TL: Mostly it does, I think. I feel meaningless a lot of the time; there seems to be almost no other way to “judge” whether I “should” at any moment “feel good” or “feel bad.” I think, based on that, I’ve internalized that I should feel good if I have been productive and bad if I have not been productive. I like reading about things that make the universe seem meaningless and make me feel meaningless but I feel bad if I “match” that and just “lay around” all the time. I like making things that make me feel “new kinds” of meaninglessness. Maybe I’m productive at creating varieties of meaninglessness so I can “screw around” in meaninglessness and have fun with it or something.
If you were forced to get a real job — in a cubicle, I guess — would that make you feel more meaningless?
TL: No, probably not. I might feel less meaningless — I would be thinking about how to exploit my desk job to fund other things a lot of the time maybe. Actually I think I only feel meaningless sometimes. Most of the time I feel other things, sometimes I feel “nothing” or something. I know I feel meaningless sometimes because I’m on Gmail chat and I type to people, “I feel meaningless.” Most of the time I type, “I feel okay,” and it seems “true enough.”
Do you set out to be absurd or consciously wacky?
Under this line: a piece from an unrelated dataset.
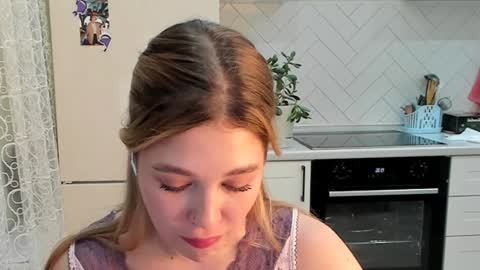 Snapshot of kylieblond chatting on December 19, 2024, 4:35 pm Din online show from December 19, 2024, 4:35 pm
TL: No. I feel “completely honest” and “direct” about almost everything I’ve published in a book. It was hard to be “wacky” and “absurd” when I was spending almost every day alone in the library then walking home alone and laying on my bed feeling bad. I do try to make everything I write either “interesting” or “funny” in some way, but I don’t put that over being “direct” and “honest.” But it’s not “completely honest,” I guess, because “unfiltered” my thoughts would be like, “I feel bad. I feel bad. I feel bad. Bagels. Hummus. I want the burger at Counter (an organic vegetarian restaurant in Manhattan). Dirty choads. I feel dirty. I feel bad. Mansion.” That’s not even completely honest. A lot of the time I’m thinking really bad words consecutively in my head without any meaning or emotion. If I feel bad though I don’t want to just type, “I feel bad” partly because it would be “burdening” someone else with feelings of wanting to “help me.” I don’t want to make anyone have feelings of needing to help me or wanting to help me.
So what might make you feel better?
TL: I don’t know. I don’t think I feel any “worse” than anyone else. Or rather I don’t think that is a question I ever want to think about. I don’t like people trying to convince other people that they feel worse than them or have had a worse life or something. I think that means I want everyone to “live in the present” or something. I don’t feel “bad” overall I guess. I feel “something” or something. I think I can say for sure that some things will make me “feel good” in the short-term like eating something or getting a certain e-mail or something.